On the 30th of October 2002, Michael Dirda was a featured speaker in the 'Books and Ideas' series at Montgomery College. I wrote down some of the funny things that were said.
Michael Dirda was introduced by two speakers: Dr. Myrna Goldenberg and Mrs. Carolyn Terry. They praised Mr. Dirda highly; Dr. Goldenberg said, in reference to a workshop series a couple years ago, "The one [where people] covered every inch of floor space ... was Michael Dirda's."
The featured speaker began by pointing out that he moved around a bit while he spoke, and he might get out of range of the microphone. "If I move around ... signal wildly if you can't hear me". He then said, "I hope you brought a picnic lunch, because this is my speech", holding up a imposingly thick book. His speech was not on the listed topic; it was on the memoir he had just written and was about to send to the publishers. He read some passages from it, concerning three events in his life. I do not clearly remember all three, but I distinctly recall the story of his disliked 9th grade English teacher. "Ms. Edwards believed in grammar, discipline, and purple dresses." They called her the Purple Cow. In one of the early classes, she was expounding on the importance of grammar, and Michael Dirda said that he didn't see the point in it; he thought that you learned English by reading a lot of books and paying attention to the sentences.
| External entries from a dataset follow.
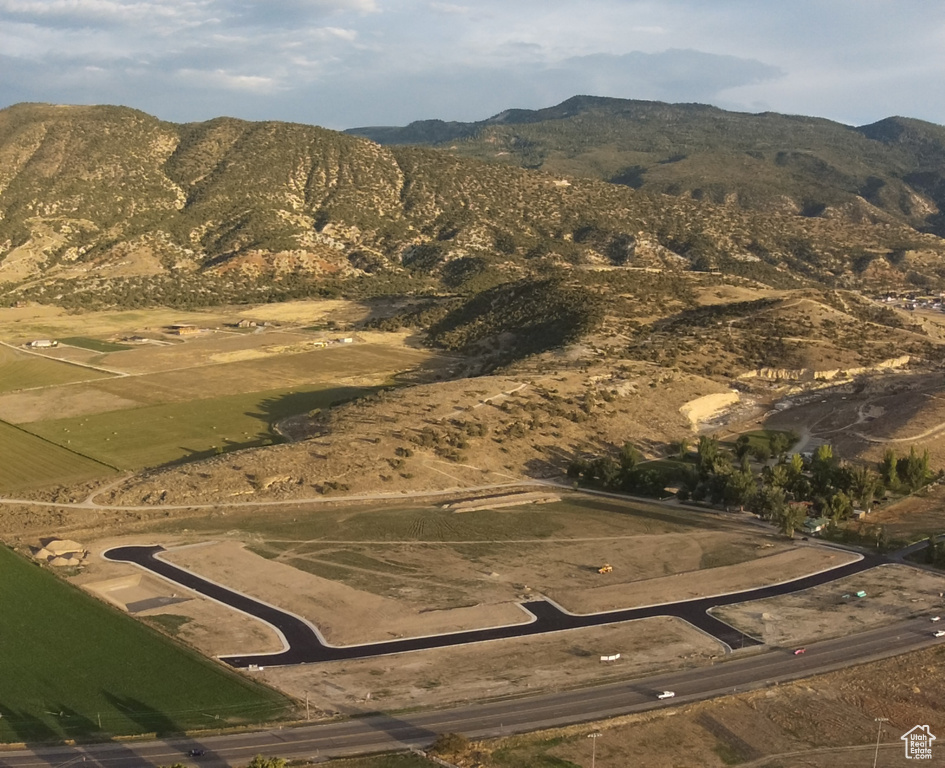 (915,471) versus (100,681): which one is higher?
(915,471)

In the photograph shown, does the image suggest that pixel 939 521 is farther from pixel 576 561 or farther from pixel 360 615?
pixel 360 615

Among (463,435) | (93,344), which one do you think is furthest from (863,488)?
(93,344)

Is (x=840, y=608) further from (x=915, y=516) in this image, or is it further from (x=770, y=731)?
(x=915, y=516)

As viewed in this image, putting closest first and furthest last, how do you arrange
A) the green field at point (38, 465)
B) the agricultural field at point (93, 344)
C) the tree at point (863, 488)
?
1. the tree at point (863, 488)
2. the green field at point (38, 465)
3. the agricultural field at point (93, 344)

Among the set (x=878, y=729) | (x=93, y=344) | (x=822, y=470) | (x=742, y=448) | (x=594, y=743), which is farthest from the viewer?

This sentiment, though true, annoyed Ms. Edwards severely. He set out that semester planning to aggravate her as much as possible.
When the first book report was due (book reports had to be read aloud to the class, btw) on 'a work of fiction', and Michael Dirda was at last called up, he said "My book report is on," with a dramatic pause, War and Peace. Complete and Unabridged. And he then commenced his report, which clearly showed that he had read the book, and the PC (Purple Cow) was forced to give him an A. A later report on a work of nonfiction, he came out writing about The Communist Manifesto! That landed him in the pricipal's office for sure.
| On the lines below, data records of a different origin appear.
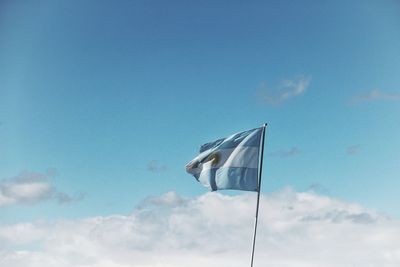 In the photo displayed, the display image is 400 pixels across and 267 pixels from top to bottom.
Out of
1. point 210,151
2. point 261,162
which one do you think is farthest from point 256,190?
point 210,151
"My cardinal rule was :'Never do the Expected'". When he reviewed Huxley's Brave New World, he went into such detail about the test-tube babies that "Ms. Edwards turned as purple as her dress", and he landed in the pricipal's office again. The pricipal asked him if he wanted to get a D in the class. He didn't much care; "To my eye, a well-placed D or two softened [a mass of] As".
Some other quotes:
At the end, Dr. Goldenberg presented a gift to Mr. Dirda, "Writers drink a lot of coffee, and need pencils, especially with 'Montgomery College" on them."